> Exercise brief:
Reprint the listing. Every line must match the original exactly.

> Dataset content:
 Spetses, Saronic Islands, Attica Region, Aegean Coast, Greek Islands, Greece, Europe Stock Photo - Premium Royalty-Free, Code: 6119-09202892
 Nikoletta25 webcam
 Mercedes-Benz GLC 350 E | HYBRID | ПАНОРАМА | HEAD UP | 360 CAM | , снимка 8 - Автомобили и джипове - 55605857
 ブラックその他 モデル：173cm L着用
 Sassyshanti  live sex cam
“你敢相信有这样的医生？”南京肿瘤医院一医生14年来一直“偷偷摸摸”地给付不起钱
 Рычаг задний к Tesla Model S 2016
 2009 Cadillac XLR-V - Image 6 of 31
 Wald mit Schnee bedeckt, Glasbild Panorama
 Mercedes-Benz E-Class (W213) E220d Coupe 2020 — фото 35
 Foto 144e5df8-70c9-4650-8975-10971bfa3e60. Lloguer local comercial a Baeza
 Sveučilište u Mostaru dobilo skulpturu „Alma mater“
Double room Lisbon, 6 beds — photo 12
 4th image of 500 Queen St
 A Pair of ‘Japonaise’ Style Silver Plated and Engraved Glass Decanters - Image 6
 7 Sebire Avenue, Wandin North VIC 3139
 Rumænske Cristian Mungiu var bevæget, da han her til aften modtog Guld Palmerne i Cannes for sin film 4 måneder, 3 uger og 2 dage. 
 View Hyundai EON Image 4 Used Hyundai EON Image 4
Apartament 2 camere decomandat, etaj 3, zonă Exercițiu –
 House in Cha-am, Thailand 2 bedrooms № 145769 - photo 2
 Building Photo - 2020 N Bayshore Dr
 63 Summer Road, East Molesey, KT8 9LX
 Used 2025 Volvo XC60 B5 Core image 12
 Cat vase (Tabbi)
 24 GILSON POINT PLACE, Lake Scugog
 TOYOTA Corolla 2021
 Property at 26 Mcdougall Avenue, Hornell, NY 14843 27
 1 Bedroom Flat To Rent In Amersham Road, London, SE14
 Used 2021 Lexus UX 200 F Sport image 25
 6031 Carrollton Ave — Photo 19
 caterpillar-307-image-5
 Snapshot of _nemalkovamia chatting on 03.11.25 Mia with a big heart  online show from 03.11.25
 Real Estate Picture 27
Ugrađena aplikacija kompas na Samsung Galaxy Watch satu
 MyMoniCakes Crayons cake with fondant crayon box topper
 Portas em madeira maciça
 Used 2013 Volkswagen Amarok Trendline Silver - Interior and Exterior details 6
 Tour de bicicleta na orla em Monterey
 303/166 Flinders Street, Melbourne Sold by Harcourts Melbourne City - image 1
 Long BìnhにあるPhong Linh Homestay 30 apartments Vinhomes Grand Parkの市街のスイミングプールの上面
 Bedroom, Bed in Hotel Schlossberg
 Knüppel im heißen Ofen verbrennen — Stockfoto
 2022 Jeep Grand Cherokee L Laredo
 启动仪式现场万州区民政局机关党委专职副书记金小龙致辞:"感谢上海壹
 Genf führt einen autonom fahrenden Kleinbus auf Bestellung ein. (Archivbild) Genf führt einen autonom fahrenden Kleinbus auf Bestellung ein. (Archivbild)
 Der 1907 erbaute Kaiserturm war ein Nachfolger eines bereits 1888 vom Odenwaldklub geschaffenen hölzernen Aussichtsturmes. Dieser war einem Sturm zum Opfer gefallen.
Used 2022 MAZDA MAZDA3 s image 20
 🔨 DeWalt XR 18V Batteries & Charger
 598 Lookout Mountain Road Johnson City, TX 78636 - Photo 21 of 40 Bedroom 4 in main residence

> Expected answer:
 Spetses, Saronic Islands, Attica Region, Aegean Coast, Greek Islands, Greece, Europe Stock Photo - Premium Royalty-Free, Code: 6119-09202892
 Nikoletta25 webcam
 Mercedes-Benz GLC 350 E | HYBRID | ПАНОРАМА | HEAD UP | 360 CAM | , снимка 8 - Автомобили и джипове - 55605857
 ブラックその他 モデル：173cm L着用
 Sassyshanti  live sex cam
“你敢相信有这样的医生？”南京肿瘤医院一医生14年来一直“偷偷摸摸”地给付不起钱
 Рычаг задний к Tesla Model S 2016
 2009 Cadillac XLR-V - Image 6 of 31
 Wald mit Schnee bedeckt, Glasbild Panorama
 Mercedes-Benz E-Class (W213) E220d Coupe 2020 — фото 35
 Foto 144e5df8-70c9-4650-8975-10971bfa3e60. Lloguer local comercial a Baeza
 Sveučilište u Mostaru dobilo skulpturu „Alma mater“
Double room Lisbon, 6 beds — photo 12
 4th image of 500 Queen St
 A Pair of ‘Japonaise’ Style Silver Plated and Engraved Glass Decanters - Image 6
 7 Sebire Avenue, Wandin North VIC 3139
 Rumænske Cristian Mungiu var bevæget, da han her til aften modtog Guld Palmerne i Cannes for sin film 4 måneder, 3 uger og 2 dage. 
 View Hyundai EON Image 4 Used Hyundai EON Image 4
Apartament 2 camere decomandat, etaj 3, zonă Exercițiu –
 House in Cha-am, Thailand 2 bedrooms № 145769 - photo 2
 Building Photo - 2020 N Bayshore Dr
 63 Summer Road, East Molesey, KT8 9LX
 Used 2025 Volvo XC60 B5 Core image 12
 Cat vase (Tabbi)
 24 GILSON POINT PLACE, Lake Scugog
 TOYOTA Corolla 2021
 Property at 26 Mcdougall Avenue, Hornell, NY 14843 27
 1 Bedroom Flat To Rent In Amersham Road, London, SE14
 Used 2021 Lexus UX 200 F Sport image 25
 6031 Carrollton Ave — Photo 19
 caterpillar-307-image-5
 Snapshot of _nemalkovamia chatting on 03.11.25 Mia with a big heart  online show from 03.11.25
 Real Estate Picture 27
Ugrađena aplikacija kompas na Samsung Galaxy Watch satu
 MyMoniCakes Crayons cake with fondant crayon box topper
 Portas em madeira maciça
 Used 2013 Volkswagen Amarok Trendline Silver - Interior and Exterior details 6
 Tour de bicicleta na orla em Monterey
 303/166 Flinders Street, Melbourne Sold by Harcourts Melbourne City - image 1
 Long BìnhにあるPhong Linh Homestay 30 apartments Vinhomes Grand Parkの市街のスイミングプールの上面
 Bedroom, Bed in Hotel Schlossberg
 Knüppel im heißen Ofen verbrennen — Stockfoto
 2022 Jeep Grand Cherokee L Laredo
 启动仪式现场万州区民政局机关党委专职副书记金小龙致辞:"感谢上海壹
 Genf führt einen autonom fahrenden Kleinbus auf Bestellung ein. (Archivbild) Genf führt einen autonom fahrenden Kleinbus auf Bestellung ein. (Archivbild)
 Der 1907 erbaute Kaiserturm war ein Nachfolger eines bereits 1888 vom Odenwaldklub geschaffenen hölzernen Aussichtsturmes. Dieser war einem Sturm zum Opfer gefallen.
Used 2022 MAZDA MAZDA3 s image 20
 🔨 DeWalt XR 18V Batteries & Charger
 598 Lookout Mountain Road Johnson City, TX 78636 - Photo 21 of 40 Bedroom 4 in main residence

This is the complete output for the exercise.